Quick, intelligent. Wants to get things done. Wishes she was a man. Doesn’t think too deeply, but catches on in a hurry. Very frank and open . . . Impulsive to point of precipitation . . . A clever brainy woman. Sees the Western viewpoint. (By this I mean she can appreciate the mental reactions of a foreigner to the twisting, indirect and undercover methods of Chinese politics and warmaking.) Direct, forceful, energetic, loves power, eats up publicity and flattery, pretty weak on her history. No concession to the Western viewpoint in all China’s foreign relations. The Chinese were always right; the foreigners were always wrong. Writes entertainingly but superficially, with plenty of sarcasm for Western failings but without mention of any of China’s little faults. Can turn on charm at will. And knows it. Great influence on Chiang K’ai-shek mostly along the right lines, too.

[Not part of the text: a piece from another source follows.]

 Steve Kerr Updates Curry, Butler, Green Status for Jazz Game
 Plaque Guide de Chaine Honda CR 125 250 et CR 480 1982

A great help on several occasions. 23

By late 1942, Stilwell’s private papers reveal him becoming ever more doubtful about his own role in US–China relations, and Soong Mayling’s role as her husband’s adviser. 24 During the war, as his friction with the Generalissimo steadily increased, Stilwell became more skeptical of Soong Mayling as well, recognizing the charm he had noted earlier as a tool she used strategically. Leading a tour of Kunming and Chungking for five US Senators in August 1944 whom he hoped to influence respecting the corruption of the Kuomintang (KMT or the Nationalist Party) regime, he found his intentions thwarted: “May [Mme. Chiang] turned on the glamor and I don’t know who won.” 25

Historian Barbara Tuchman assesses Soong Mayling’s role as translator for her husband as having frequently softened the strong and quite direct tone from “Vinegar Joe” Stilwell and American military leadership, who sought more aggressive action from Chinese military against Japanese forces. 26 In this Mayling (alongside Chiang’s other advisors), in keeping with Chinese traditions of indirect, face-saving communication, might well have made the disastrous situation worse.

President Roosevelt appears not to have spoken to his confidants or family about his impressions of Madame Chiang. However, close to the end of his life, Roosevelt revealed to Edgar Snow that he realized, too late, that his decisions during the war had been based on limited information: “I was never able to form any opinion of Chiang at Cairo. When I thought about it later I realized that all I knew was what Madame Chiang told me about her husband and what he thought.” 27 This comment raises several interesting questions: Was Soong Mayling overly protective of her husband and, by extension, of her own position? Was she following Chinese courtly translation patterns from the past? Might Roosevelt have insisted on the presence of a trusted US translator to ease concerns and alleviate doubts?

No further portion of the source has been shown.